Die Medizinjournalistin weist auch darauf hin, dass bei natürlichen Geburten bei etwa einem Drittel der Gebärenden Darmrisse vorkämen, dies aber oft verleugnet würde. Dazu ist anzumerken, dass ein Dammriss, wie die Autorin indirekt selber zugibt, nicht zwingend auftreten muss. Er ist vermeidbar und die Hebammen bemühen sich ihn zu verhindern. Tritt er jedoch auf, kann er genäht werden, sodass die Wenigsten danach noch etwas spüren.
Kaiserschnitt: Drücken vor der Geburt?
Immer wieder taucht auch das Argument auf, dass aus Sicht der Gesellschaft Frauen, die einen Kaiserschnitt wählten, sich um die „richtige“ Geburt gedrückt hätten – ein Vorwurf, der durchaus zu kritisieren ist – so eine Meinung mag von einigen Verfechter*innen der natürlichen Geburt durchaus vertreten werden. Diese Aussage zu verallgemeinern, ist falsch.

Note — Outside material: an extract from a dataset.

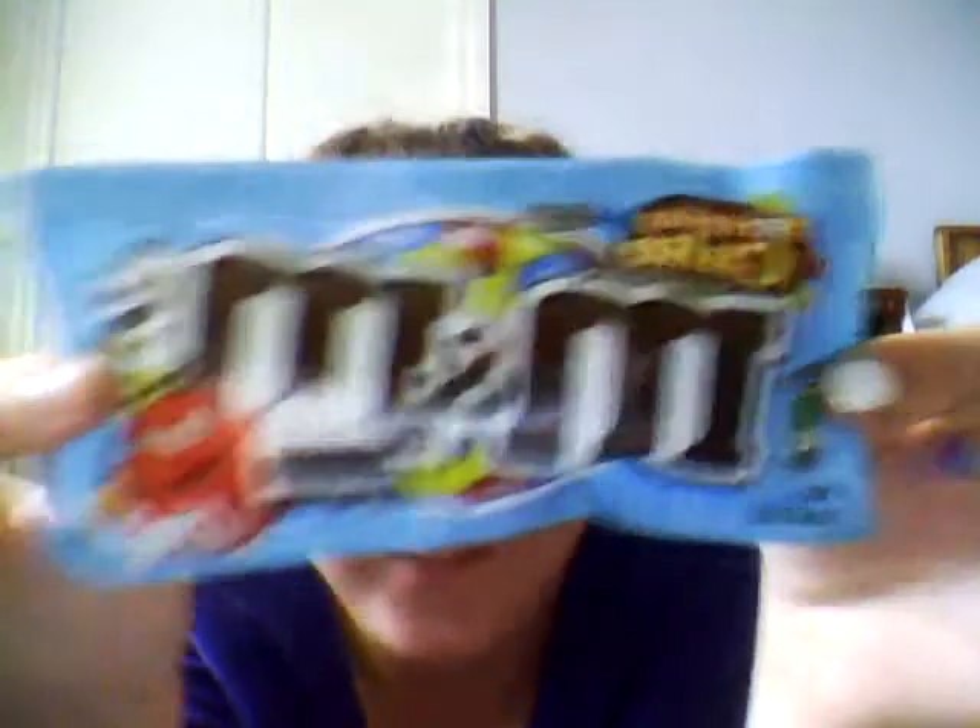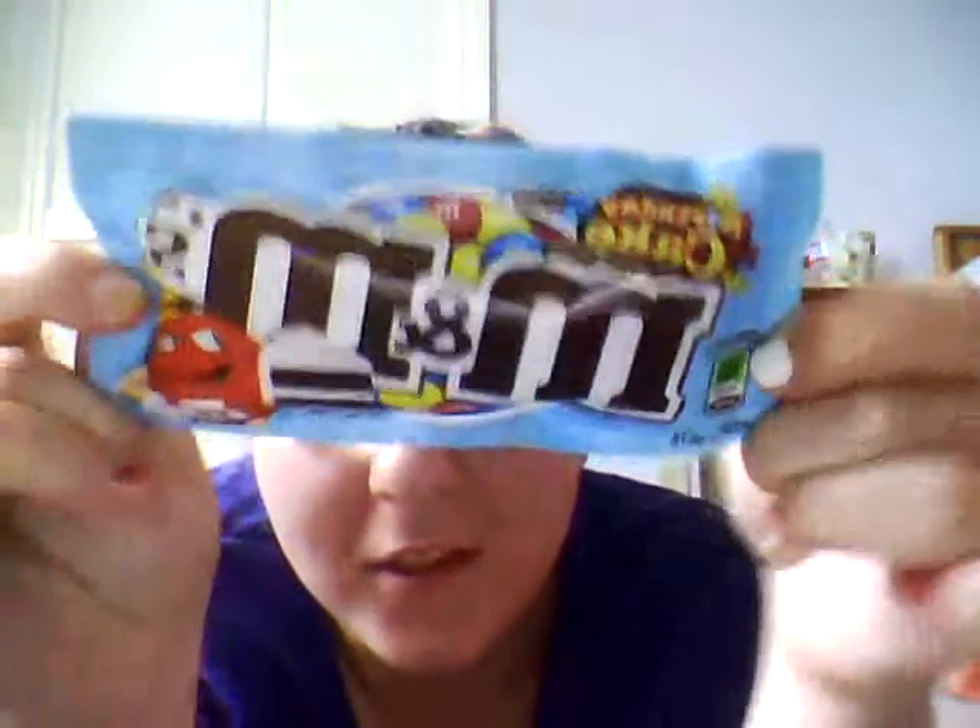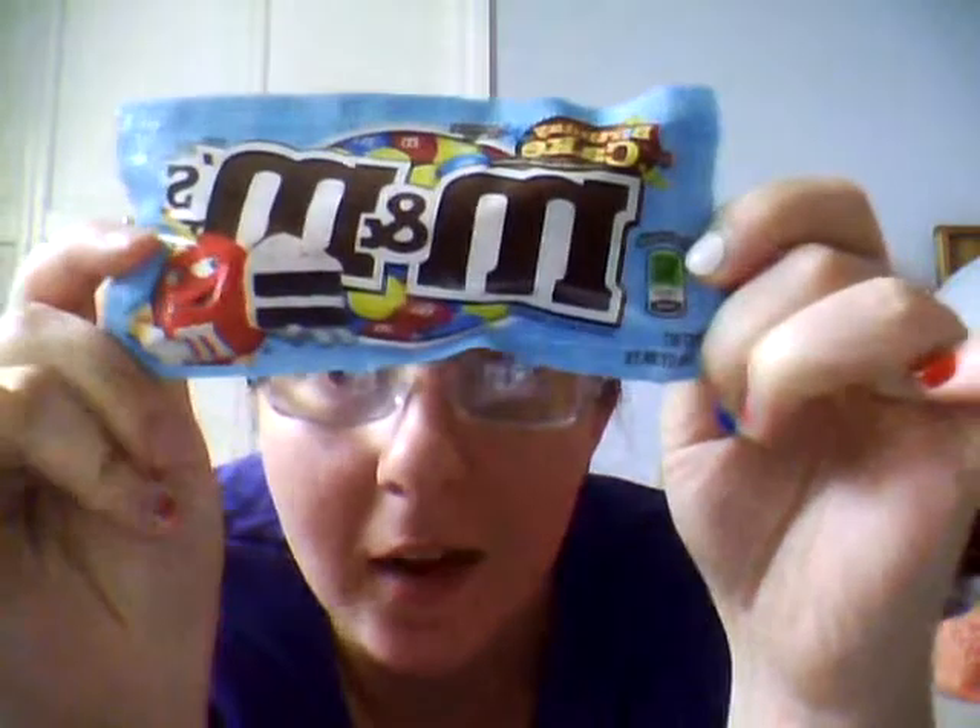Hello, and this is going to be another review, and it's going to be a review of M&M's birthday cake. As you can see, they're 190 calories.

Denn es geht es bei der Entscheidung zwischen natürlicher Geburt und Kaiserschnitt noch um etwas ganz anderes. Was die Autorin nämlich in ihrem Artikel nicht berücksichtigt, ist, dass ein Kaiserschnitt eine schwere Operation ist. Dies müssen sich Frauen bei der Entscheidung bewusst sein. Die Technikerkrankenkasse gibt an, dass laut einer 2006 veröffentlichten Umfrage 86 Prozent der Frauen die Folgen eines Kaiserschnittes unterschätzt hätten. Die Schmerzen kommen bei dem Kaiserschnitt erst nach der Geburt. Es treten Wund- und Narbenschmerzen auf, die in den ersten Tag nach der Geburt, die die Versorgung des Babys durch die eigene Mutter behindern. Eine Versorgung durch die Mutter ist dann alleine und ohne Hilfe nicht möglich. Zudem dauert die Erholung von einem Kaiserschnitt länger als von einer natürlichen Geburt, da der Körper nicht nur die Anpassung nach der Schwangerschaft leisten muss, wie Rückbildung oder das Einsetzen der Milchproduktion, sondern sich auch noch von einer schweren Operation erholen muss.
Fazit:
Eine Degradierung von Schwangeren, die sich für einen Kaiserschnitt entscheiden oder bei denen ein Kaiserschnitt notwendig war, soll hier nicht stattfinden und ist auch nicht zielführend. Es geht um eine bessere Aufklärung. Es ist wichtig, sich vorher über die Vorteile und Risiken zu informieren. Diese treten anders als man es nach dem Lesen des Artikels glauben mag auch bzw. insbesondere bei Kaiserschnitten auf. Für die Schwangeren ist es nicht hilfreich, dass in einem solchen Artikel so massiv und polemisch gegen die natürliche Geburt und für einen Kaiserschnitt geworben wird, sodass es fast an Panikmache grenzt. Wichtig ist, sich zu informieren, um dann auf den eigene Fall bezogen abzuwägen, ob ein Kaiserschnitt nötig ist. Denn das auch dieser Risiken birgt, sollte Schwangeren bewusst sein. Die Geburt wird in dem Artikel als ein medizinischer Vorgang dargestellt, der verklinischt wird. Doch darf nicht vergessen werden, dass sie dies nicht ist. Bei einer Geburt wird nicht etwas wegoperiert, geheilt oder schöner gemacht. Sondern es ist der Beginn eines neuen Menschenlebens.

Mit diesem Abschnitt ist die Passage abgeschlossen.